Selon le certificat médical initial du 24 avril 2018, l’accident a entraîné une fracture polyfragmentaire métaphyso-épiphysaire du tibia gauche au niveau du genou. Réduction + ostéosynthèse (chirurgie) – IT 5 juin 2018.
Il n’existe pas de certificat médical mentionnant une lésion nouvelle.
Le certifiat médical final du 2 mai 2023 indique : lombalgie, sciatalgie gauche et droite, gonalgie gauche avec impotence fonctionnelle, syndrome dépressif réactionnel à l’isolement social et douleur chronique. Consolidation le 2 mai 2023.
Les conséquences de cet accident de travail ont été prises en charge au titre de la législation sur les risques professionnels.
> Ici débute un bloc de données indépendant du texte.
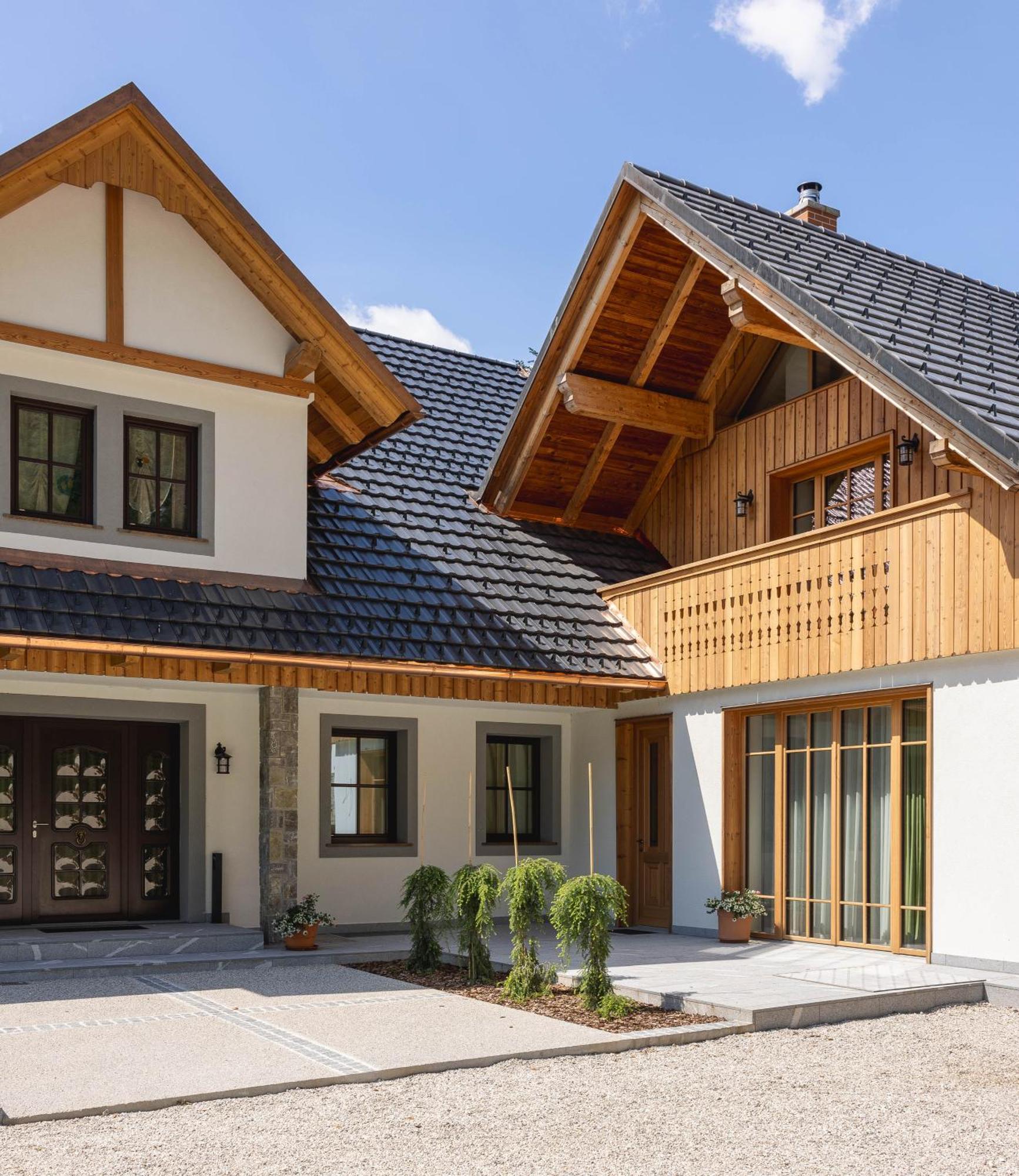 Garni Hotel Stare Bohinj Exteriör bild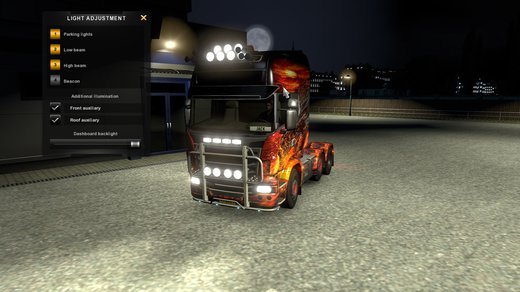 Scania R 2009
Par notification en date du 23 mai 2023, la [8] a fixé à 17 % le taux d’incapacité permanente partielle de Monsieur [P] [J] à la date de consolidation du 2 mai 2023 en indiquant que les séquelles dont il reste atteint sont les séquelles d’une fracture métaphyso épiphysaire du tibia gauche au niveau du genou, multi opérée, à type de limitation de la flexion à 90% et dérobement intermittent.
La Commission médicale de Recours Amiable a élevé ce taux à 20% dans sa décision du 7 décembre 2023, en retenant comme seule lésion imputable à l’accident du travail la fracture du genou gauche.
Le rapport de la Commission médicale de Recours Amiable précise :
le syndrome anxio dépressif ne peut donner lieu à une indemnisation, celle-ci n’ayant jamais fait l’obje d’un accord de nouvelle lésion durant l’accident du travail.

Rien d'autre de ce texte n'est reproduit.